PyTorch Version:  2.2.1+cu121
torchtext Version:  0.17.1+cpu
Using GPU.


In [53]:
from datasets import load_dataset, load_metric
dataset = load_dataset("surrey-nlp/PLOD-CW")

In [54]:
def conv_label_indexes(training, valid, test ):
	label_encoding = {"B-O": 0, "B-AC": 1, "B-LF": 2, "I-LF": 3}

	label_list = []
	for sample in training:
		label_list.append([label_encoding[tag] for tag in sample])

	val_label_list = []
	for sample in valid:
		val_label_list.append([label_encoding[tag] for tag in sample])

	test_label_list = []
	for sample in test:
		test_label_list.append([label_encoding[tag] for tag in sample])
	return label_list, val_label_list, test_label_list





In [55]:
def tokenize_and_align_labels(tokens, tokenizer, list_name):
    tokenized_inputs = tokenizer(tokens, truncation=True, is_split_into_words=True) ## For some models, you may need to set max_length to approximately 500.

    labels = []
    for i, label in enumerate(list_name):
        word_ids = tokenized_inputs.word_ids(batch_index=i)
        previous_word_idx = None
        label_ids = []
        for word_idx in word_ids:
            # Special tokens have a word id that is None. We set the label to -100 so they are automatically
            # ignored in the loss function.
            if word_idx is None:
                label_ids.append(-100)
            # We set the label for the first token of each word.
            elif word_idx != previous_word_idx:
                label_ids.append(label[word_idx])
            # For the other tokens in a word, we set the label to either the current label or -100, depending on
            # the label_all_tokens flag.
            else:
                label_ids.append(label[word_idx])
            previous_word_idx = word_idx

        labels.append(label_ids)

    tokenized_inputs["labels"] = labels
    return tokenized_inputs

In [56]:
# BERT's tokenizer returns the dataset in the form of a dictionary of lists (sentences).
# we have to convert it into a list of dictionaries for training.
def turn_dict_to_list_of_dict(d):
    new_list = []

    for labels, inputs in zip(d["labels"], d["input_ids"]):
        entry = {"input_ids": inputs, "labels": labels}
        new_list.append(entry)

    return new_list

In [57]:
import numpy as np

metric = load_metric("seqeval")
def compute_metrics(p):
    predictions, labels = p
    predictions = np.argmax(predictions, axis=2)

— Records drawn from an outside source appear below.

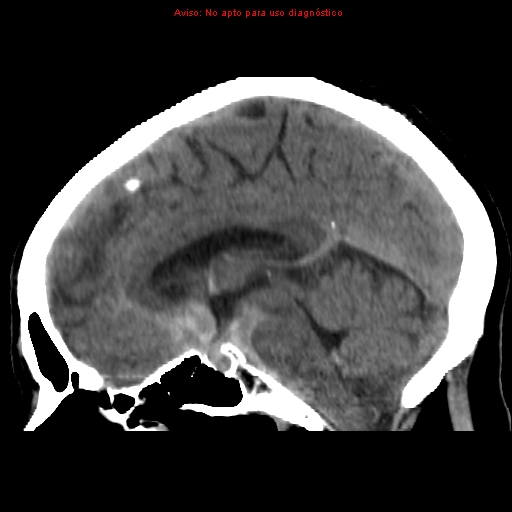 File:Aneurysmal subarachnoid hemorrhage (Radiopaedia 24740-24997 non-contrast 26).jpg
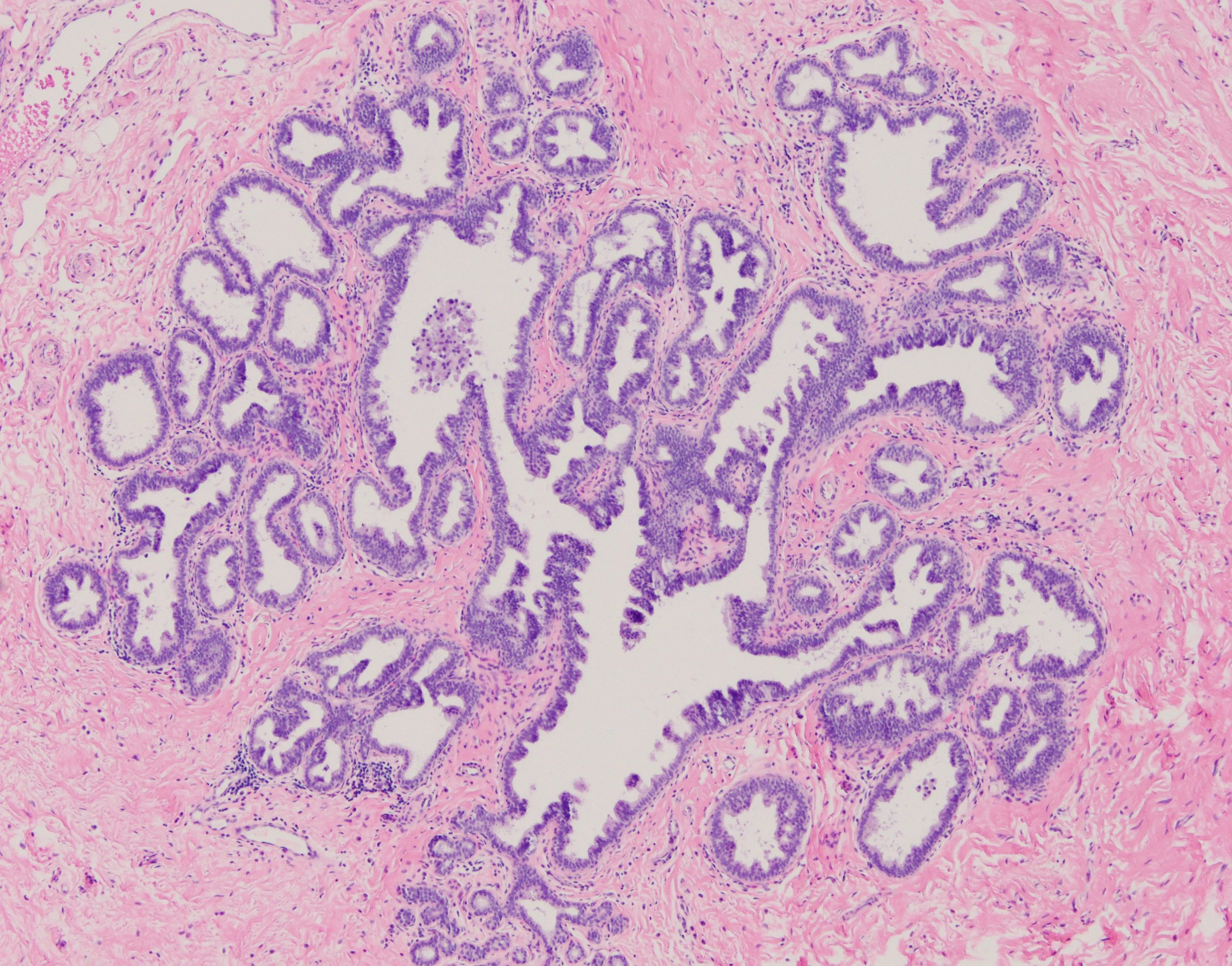 Columnar Cell Hyperplasia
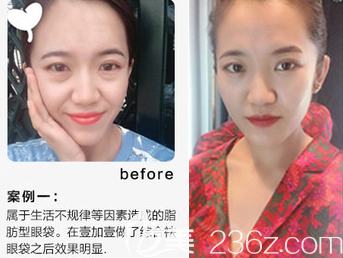 去眼袋案例圖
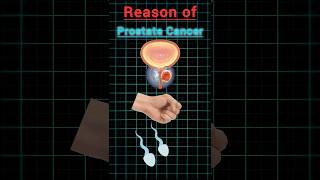 Reason of prostate cancer♋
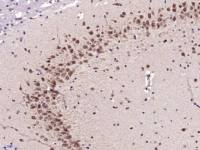 phospho-RPS6KB1(Ser417) antibody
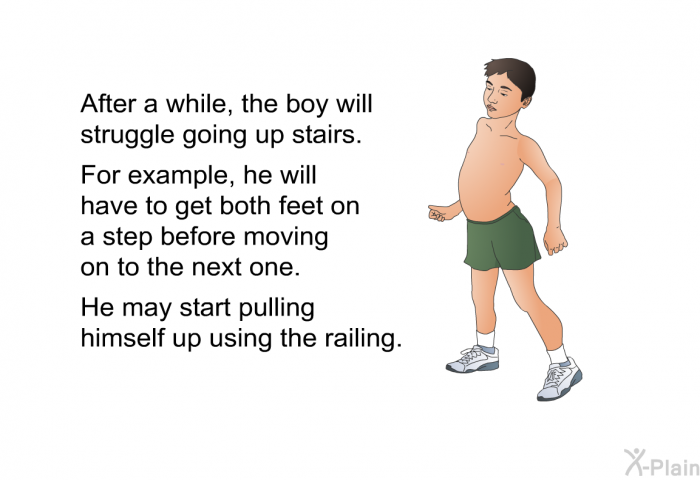 After a while, the boy will struggle going up stairs. For example, he will have to get both feet on a step before moving on to the next one. He may start pulling himself up using the railing.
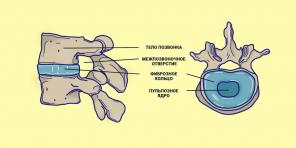 Onde é que a hérnia da coluna vertebral e o que fazer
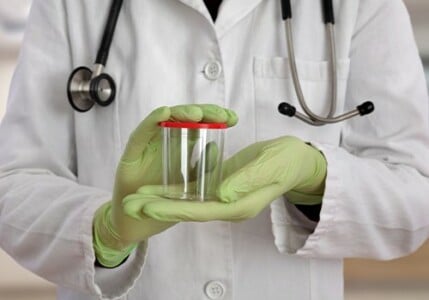 A lab technician holding an empty urine specimen jar.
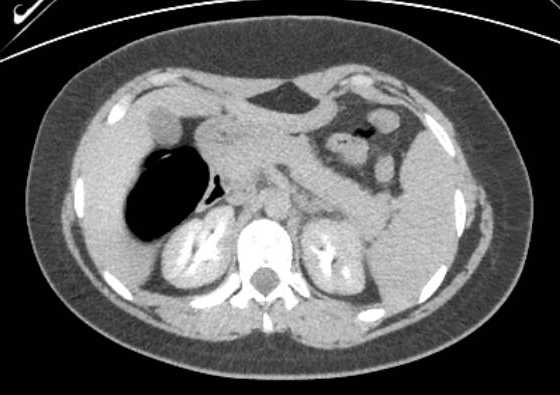 File:Acute unilateral nonhemorrhagic adrenal infarction (Radiopaedia 67560-76957 Axial renal excretory phase 40).jpg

    # Remove ignored index (special tokens)
    true_predictions = [
        [label_list[p] for (p, l) in zip(prediction, label) if l != -100]
        for prediction, label in zip(predictions, labels)
    ]
    true_labels = [
        [label_list[l] for (p, l) in zip(prediction, label) if l != -100]
        for prediction, label in zip(predictions, labels)
    ]

    results = metric.compute(predictions=true_predictions, references=true_labels)
    return {
        "precision": results["overall_precision"],
        "recall": results["overall_recall"],
        "f1": results["overall_f1"],
        "accuracy": results["overall_accuracy"],
    }

You can avoid this message in future by passing the argument `trust_remote_code=True`.
Passing `trust_remote_code=True` will be mandatory to load this metric from the next major release of `datasets`.


In [59]:
import numpy as np
label_encoding = {"B-O": 0, "B-AC": 1, "B-LF": 2, "I-LF": 3}
inverse_label_map = {v: k for k, v in label_encoding.items()}

def calculate_results(trainer, tokenised_test):

    predictions, labels, _ = trainer.predict(tokenised_test)
    predictions = np.argmax(predictions, axis=2)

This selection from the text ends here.